LIP va alors aider les soviétiques à concevoir et produire trois modèles:
Le « Zvezda » (à partir de son modèle T18 – « T » pour « tonneau ») pour la Fabrique de Montres de Penza
Le ЧK-6 (à partir de son modèle R43 – « R » pour « ronde ») pour la Fabrique Maslenikov (ZIM)
Le K-26 (à partir de son calibre R26 à l’origine pour la Fabrique Maslenikov, mais ce mouvement ne sera produit qu’après guerre: ce sera celui des « Pobeda ».
Quelques mots sur André Donat (1908-1976) qui joue donc un rôle clé dans la coopération horlogère de LIP avec l’URSS.
André Donat a fait carrière avant-guerre chez LIP où il est directeur technique de LIP. En 1931, il avait produit un mémoire intitulé Système de numérotation des spiraux : il reçut pour cela le prix de la Société Suisse de Chronométrie. De cette étude devait naître un système de numérotation universellement appliqué. Il conçoit, on l’a vu, en 1933, le mécanisme T18 et c’est donc lui qui s’occupera de l’aspect technique du contrat de LIP avec les Soviétiques.
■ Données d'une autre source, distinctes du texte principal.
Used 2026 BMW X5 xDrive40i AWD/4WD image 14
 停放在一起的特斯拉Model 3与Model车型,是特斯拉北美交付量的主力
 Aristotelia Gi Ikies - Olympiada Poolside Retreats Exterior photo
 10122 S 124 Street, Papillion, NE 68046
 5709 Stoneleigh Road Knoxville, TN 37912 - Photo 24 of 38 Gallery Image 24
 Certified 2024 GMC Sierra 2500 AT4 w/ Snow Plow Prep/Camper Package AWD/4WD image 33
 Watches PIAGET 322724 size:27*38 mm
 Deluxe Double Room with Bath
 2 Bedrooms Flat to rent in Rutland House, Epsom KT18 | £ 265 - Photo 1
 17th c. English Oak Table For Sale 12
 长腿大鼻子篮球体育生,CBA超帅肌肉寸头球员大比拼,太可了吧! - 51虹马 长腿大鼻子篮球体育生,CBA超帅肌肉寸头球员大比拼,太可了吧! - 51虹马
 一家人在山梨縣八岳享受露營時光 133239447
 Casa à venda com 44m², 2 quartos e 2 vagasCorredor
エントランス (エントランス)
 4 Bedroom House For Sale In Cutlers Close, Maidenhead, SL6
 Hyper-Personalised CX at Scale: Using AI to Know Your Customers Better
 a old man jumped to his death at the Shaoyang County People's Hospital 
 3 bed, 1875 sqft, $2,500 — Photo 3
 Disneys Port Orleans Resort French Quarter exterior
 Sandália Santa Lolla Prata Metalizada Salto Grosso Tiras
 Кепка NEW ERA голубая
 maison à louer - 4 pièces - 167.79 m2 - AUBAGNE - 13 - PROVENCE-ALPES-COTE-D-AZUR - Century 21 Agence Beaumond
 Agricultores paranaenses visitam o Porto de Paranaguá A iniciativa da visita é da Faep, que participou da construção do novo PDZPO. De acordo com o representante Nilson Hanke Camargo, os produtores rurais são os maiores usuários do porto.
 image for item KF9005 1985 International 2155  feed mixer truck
En 1940, le régime de Vichy crée à Besançon du Comité d’organisation de l’industrie de la montre (COMONTRE) et du comité d’organisation de l’industrie horlogère (COHOR). André Donat devient le directeur adjoint du COMONTRE. En 1945, ces deux organismes fusionnent afin de créer le CEntre TEchnique de l’industrie HORlogère et André Donat en devient directeur. Cette promotion peut être liée à l’épuration. En effet, plusieurs responsables de l’horlogerie française seront condamnés pour collaboration, mais Donat est au-dessus de tout soupçon, à tel point qu’il plaide pour la défense du directeur de l’Ecole Nationale d’Horlogerie (ce qui n’empêchera pas ce dernier d’être condamné). En 1946, il rédige, à la demande des autorités, un rapport de 10 pages sur l’état de l’industrie horlogère française, ce document remarquable est une véritable photographie de la situation après la seconde guerre mondiale. André Donat restera directeur du CETEHOR jusqu’en 1971; puis il en deviendra le président jusqu’à sa mort en 1973.